いま、子どもだけでなく大人にも人気のアニメキャラクターが「ちいかわ」だ。
「なんか小さくてかわいいやつ」が通称の愛らしいキャラたちは、イベントを開催すれば全国で行列ができ、グッズも完売が相次ぐ。女性誌では特集が組まれるほどの人気ぶり。
その「ちいかわ」のイベントがサンエー浦添西海岸パルコシティで開催されている(5月28日まで)。イベントはドリンクと肉まんを提供するカフェに、グッズ販売という内容。全国のパルコを巡回しているが、沖縄での売り上げは全国最高額を記録する見通しだ。サンエーパルコの担当者は「当初想定の2倍の売り上げとなっている。商品単価が高いこともあるが、1人当たりの購入数も多くなる傾向にある」と驚く。
なぜこれほど人気なのか、会場でファンの声を聞いた。

メインキャラクターの(左から)ハチワレ、ちいかわ、うさぎ

■かわいいとシュールが共存

沖縄でのイベントはゴールデンウイーク直前の4月28日から始まった。初日から3日間は入場整理券を求めて長蛇の列ができた。1カ月の長期開催にもかかわらず、平日も来場者は絶えず、客層は子どもから高齢者まで幅広いという。
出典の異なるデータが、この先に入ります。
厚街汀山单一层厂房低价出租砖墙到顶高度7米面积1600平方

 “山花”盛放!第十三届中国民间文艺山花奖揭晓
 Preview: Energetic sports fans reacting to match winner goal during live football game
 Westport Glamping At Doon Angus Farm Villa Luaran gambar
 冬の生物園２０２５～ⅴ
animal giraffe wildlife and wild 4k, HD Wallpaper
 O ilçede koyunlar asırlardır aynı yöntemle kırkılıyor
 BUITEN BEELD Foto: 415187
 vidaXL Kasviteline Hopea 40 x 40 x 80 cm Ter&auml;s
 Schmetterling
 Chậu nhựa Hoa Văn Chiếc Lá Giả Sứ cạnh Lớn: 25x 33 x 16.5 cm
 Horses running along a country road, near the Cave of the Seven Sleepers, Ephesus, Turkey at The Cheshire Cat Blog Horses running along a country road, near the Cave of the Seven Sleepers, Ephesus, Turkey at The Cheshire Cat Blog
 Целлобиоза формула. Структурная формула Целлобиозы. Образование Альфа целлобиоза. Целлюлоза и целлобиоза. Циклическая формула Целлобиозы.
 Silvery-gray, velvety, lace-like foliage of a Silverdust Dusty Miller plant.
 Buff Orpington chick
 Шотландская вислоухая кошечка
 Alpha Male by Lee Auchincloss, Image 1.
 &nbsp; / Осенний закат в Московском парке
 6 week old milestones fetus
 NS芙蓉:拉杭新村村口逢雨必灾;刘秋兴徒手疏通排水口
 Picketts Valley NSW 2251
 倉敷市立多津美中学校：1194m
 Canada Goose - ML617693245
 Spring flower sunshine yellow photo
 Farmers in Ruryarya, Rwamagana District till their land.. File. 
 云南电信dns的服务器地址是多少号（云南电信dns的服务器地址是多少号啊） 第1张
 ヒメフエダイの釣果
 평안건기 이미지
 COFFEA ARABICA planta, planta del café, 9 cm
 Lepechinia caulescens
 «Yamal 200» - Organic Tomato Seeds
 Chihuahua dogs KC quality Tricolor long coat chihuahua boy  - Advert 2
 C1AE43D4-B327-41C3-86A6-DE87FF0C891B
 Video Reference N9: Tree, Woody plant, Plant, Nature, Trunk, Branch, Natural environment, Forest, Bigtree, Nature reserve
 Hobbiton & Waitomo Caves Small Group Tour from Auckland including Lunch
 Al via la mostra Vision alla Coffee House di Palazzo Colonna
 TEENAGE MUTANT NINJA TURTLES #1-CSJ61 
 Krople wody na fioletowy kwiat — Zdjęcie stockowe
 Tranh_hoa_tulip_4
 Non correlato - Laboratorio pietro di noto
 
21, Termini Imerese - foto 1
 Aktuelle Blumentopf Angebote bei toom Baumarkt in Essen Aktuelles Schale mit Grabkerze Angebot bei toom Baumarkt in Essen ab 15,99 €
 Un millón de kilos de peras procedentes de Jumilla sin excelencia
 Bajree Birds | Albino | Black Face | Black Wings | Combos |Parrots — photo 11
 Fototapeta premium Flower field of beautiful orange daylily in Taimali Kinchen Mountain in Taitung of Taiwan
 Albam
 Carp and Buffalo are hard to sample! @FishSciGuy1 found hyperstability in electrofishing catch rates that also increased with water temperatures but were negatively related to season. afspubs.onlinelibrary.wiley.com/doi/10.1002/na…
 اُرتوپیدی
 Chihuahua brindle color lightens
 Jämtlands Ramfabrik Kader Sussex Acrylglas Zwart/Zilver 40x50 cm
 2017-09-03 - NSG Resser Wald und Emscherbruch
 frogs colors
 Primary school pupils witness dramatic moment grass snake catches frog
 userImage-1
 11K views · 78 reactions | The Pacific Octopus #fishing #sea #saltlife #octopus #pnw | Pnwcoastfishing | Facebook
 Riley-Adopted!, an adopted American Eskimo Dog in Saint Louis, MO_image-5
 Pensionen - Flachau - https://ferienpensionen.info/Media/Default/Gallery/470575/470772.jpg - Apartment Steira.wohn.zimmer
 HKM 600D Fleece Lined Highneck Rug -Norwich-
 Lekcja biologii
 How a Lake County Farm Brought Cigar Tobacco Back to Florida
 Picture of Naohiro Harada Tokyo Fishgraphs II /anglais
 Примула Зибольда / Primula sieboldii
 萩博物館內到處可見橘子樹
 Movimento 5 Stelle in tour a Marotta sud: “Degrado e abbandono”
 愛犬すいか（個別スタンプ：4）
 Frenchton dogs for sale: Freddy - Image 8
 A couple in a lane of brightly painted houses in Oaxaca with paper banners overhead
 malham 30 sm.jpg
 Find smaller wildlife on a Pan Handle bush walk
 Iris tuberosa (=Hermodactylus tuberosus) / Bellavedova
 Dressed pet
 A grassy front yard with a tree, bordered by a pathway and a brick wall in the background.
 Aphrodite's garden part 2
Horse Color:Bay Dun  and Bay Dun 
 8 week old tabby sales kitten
「ちいかわ」はイラストレーターのナガノさんが2020年1月からツイッターで連載している漫画。21年から講談社が単行本を刊行し、22年4月からはフジテレビ系の「めざましテレビ」内でアニメが放送されている。「ちいかわ」「ハチワレ」「うさぎ」などのキャラクターの日常が描かれる。

魅力の一つはそのかわいらしく純真なキャラクター設定。東京都から訪れた40代の女性は、数年前にツイッターで偶然見かけて、そのかわいさの虜(とりこ)になったという。「無垢(むく)な彼らの行動に『何やってんだ』と思いながらも、ついつい気になって見てしまい、気付いたらファンになっていた」と話す。

南風原町の60代の女性は娘2人と「ちいかわ」の世界にはまっているという。「ほのぼの系と思ったら、人間世界のリアルを入れてくるシュールさとギャップがいい。かわいいだけではなく、物語の内容に共感できる部分も多く、大人の方がはまる作品なのでは」と分析した。那覇市の30代の男性は、お気に入りのエピソードを挙げ、「ほのぼのとした世界の裏に隠された意味や、現代社会に通じる歯がゆさに共感できる」と作品の奥深さを語る。

沖縄ゆかりのキャラクター「シーサー」

■ちいかわとシーサー

「ちいかわ」と沖縄を語る上で不可欠なのが「シーサー」というキャラクターの存在だ。ちいかわでのシーサーはサービス業に従事し、お酒を造る資格取得に励む頑張り屋キャラ。沖縄の特産品を紹介することも多い。

今回のイベントでは沖縄限定コンテンツ「シーサー祭り!!!」も開催された。沖縄ゆかりのキャラだけに人気は高く、全グッズの中で「シーサーのお守り」が一番早く売り切れた。

シーサーをきっかけに「ちいかわ」にはまったという沖縄市の30代の女性は「ほかに地域性があるキャラクターはいない。シーサーだけが特別。それが頑張り屋の設定なのもうれしい」と声を弾ませる。「子どもはそのかわいい見た目、大人は内容にひかれる。思い通りに行かなくてもひたむきに生きるちいかわたちの姿に、自分の行動や人生を考えさせられることもある。内容が深いからこそ大人の方がはまるのだと思う」と話した。

入場整理券を求めてイベント開始前から行列ができた=4月28日、浦添市のサンエー浦添西海岸パルコシティ(提供)

■パルコが得意なコンテンツ

沖縄会場の活況から見えてきたのは、(1)ちいかわが世界観とかわいらしい見た目で、年齢や性別を問わず支持を集めている(2)県外からの来場者も一定数いる(3)沖縄ゆかりのキャラクターの特殊性―の3点だ。

サンエーパルコの担当者は「会期中にゴールデンウイークがあり、全国から集客できたことや、限定コンテンツの開催、ちいかわが幅広い年代から支持を集めていることがイベント成功につながった」と分析。「これだけ長期間のキャラクターイベントの開催はサンエーパルコとして初めて。コロナの影響が落ち着いてきたことから、やっと沖縄にパルコが得意とするコンテンツを持って来られた。今後も県内の皆さんに足を運んでいただけるよう取り組んでいきたい」と話した。

同店での「ちいかわ」関連イベントは5月28日(日)まで。営業時間は午前10時~午後8時(ドリンクスタンドラストオーダー午後7時半)。